Un giorno nella testa -anti-web, sociopatica ma comunque e soprattutto il contrario di tutto ciò- della redattrice è balenata l'idea di fare un blog. Perchè ormai ce l'hanno un po' tutti, è vero, ma un giornale si costruisce di parole, pensieri, frasi stampate e lettere volatili. Raccogliere tutto in 64 pagine è a volte impossibile. Quindi, informalmente, eccoci sbarcati nell'etere, dove abitiamo tutti.

Per inaugurare, voglio pubblicare un regalo. è stata la prima volta che un lettore ci ha mandato qualcosa, ed è stata la prima volta, quindi, che ci siamo resi conto di avere reazioni alle nostre azioni.

E se fosse la vita ad essere un carnevale?

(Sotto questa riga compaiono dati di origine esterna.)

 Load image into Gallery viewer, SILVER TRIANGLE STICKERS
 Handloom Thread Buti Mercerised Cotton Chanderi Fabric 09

Tra coriandoli e stelle filanti, anche quest’anno, il carnevale se ne va; una tradizione ultracentenaria che alcuni di noi iniziano a non sentire più, eppure non capita spesso di vedere Robin Hood, Batman, Cenerentola, mago Merlino, … per un giorno personaggi di fumetti e cartoni animati prendono vita tra le strade del nostro paese, per un giorno anche loro esistono e per un giorno anche noi possiamo essere degli eroi. Maschere, trucco, parrucche, qualsiasi cosa pur di non farsi riconoscere; sarà il caffè senza zucchero, il pacchetto di Chesterfield che fumiamo solo noi o il tatuaggio che spunta maldestramente dalla maschera, a parlare chiaro. In fondo siamo fatti per essere noi stessi e anche la maschera che portiamo ogni giorno prima o poi cadrà svelando quello che realmente siamo, le nostre idee, i nostri limiti, i nostri amori e i nostri ideali. Forse basterebbe togliere quella maschera per essere irriconoscibili, rinunciare a tutte quelle parti di noi che in realtà di noi non sono ma che così ci vogliono far credere. Quanti sarebbero in grado di riconoscerci se ci vestissimo da noi stessi? Amici, parenti, fidanzate, forse nemmeno loro riuscirebbero a riconoscere chi si cela dietro alla maschera che sole, vento, acqua, giorno dopo giorno, hanno scolpito sul nostro volto. Una maschera che forse è qualcosa di più di un semplice travestimento di carnevale, ci permette di vivere e ogni giorno la indossiamo un po’ per scelta un po’ per obbligo. Ma possiamo fare a meno di questa maschera? In questa maschera ci siamo noi, con noi è cresciuta, cambiata, quando si è rotta l’abbiamo ricucita; è da dietro i suoi buchi che osserviamo e viviamo il mondo ed è dentro quella maschera che soffochiamo noi stessi. Schopenhauer parlava di un mondo nascosto dietro ad un velo, non so se conoscesse il carnevale ma a questo punto viene spontaneo chiedermi, e se fosse la vita ad essere un carnevale?